- Supreme Court of the United States

Argued March 4, 2009 Decided April 29, 2009
- Full case name: Christopher Michael Dean, Petitioner v. United States
- Docket no.: 08-5274
- Citations: 556 U.S. 568 (more) 129 S. Ct. 1849; 173 L. Ed. 2d 785

Case history
- Prior: United States v. Dean, 517 F.3d 1224 (11th Cir. 2008)

Questions presented
- Whether a law providing for a mandatory 10-year prison term for the discharge of a firearm during a violent or drug trafficking crime applied if the firearm discharged accidentally.

Holding
- The 10-year mandatory minimum applies if a gun is discharged in the course of a violent or drug trafficking crime, whether on purpose or by accident.

Court membership
- Chief Justice John Roberts Associate Justices John P. Stevens · Antonin Scalia Anthony Kennedy · David Souter Clarence Thomas · Ruth Bader Ginsburg Stephen Breyer · Samuel Alito

Case opinions
- Majority: Roberts, joined by Scalia, Kennedy, Souter, Thomas, Ginsburg, Alito
- Dissent: Stevens
- Dissent: Breyer

Laws applied
- 18 U.S.C. §924(c)(1)(A)(iii)

= Dean v.
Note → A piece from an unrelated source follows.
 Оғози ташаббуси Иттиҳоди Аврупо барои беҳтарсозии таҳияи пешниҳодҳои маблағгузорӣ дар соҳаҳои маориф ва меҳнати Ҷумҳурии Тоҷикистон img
United States =

Dean v. United States, 556 U.S. 568 (2009), was a decision of the Supreme Court of the United States upholding a 10-year mandatory minimum sentence for the discharge of a firearm during the commission of any violent or drug trafficking crime, against a bank robber whose gun went off accidentally.

== Background ==
In 2004, Christopher M. Dean entered a branch of AmSouth Bank in Rome, Georgia wearing a mask and waving a gun. He instructed everyone to get down, walked behind the teller counter, and took cash from the teller station with his left hand while holding his gun with his right. The gun discharged, leaving a bullet hole in the partition between two stations. Dean cursed and ran out of the bank. Witnesses later testified that he seemed surprised that the gun had gone off. No one was hurt.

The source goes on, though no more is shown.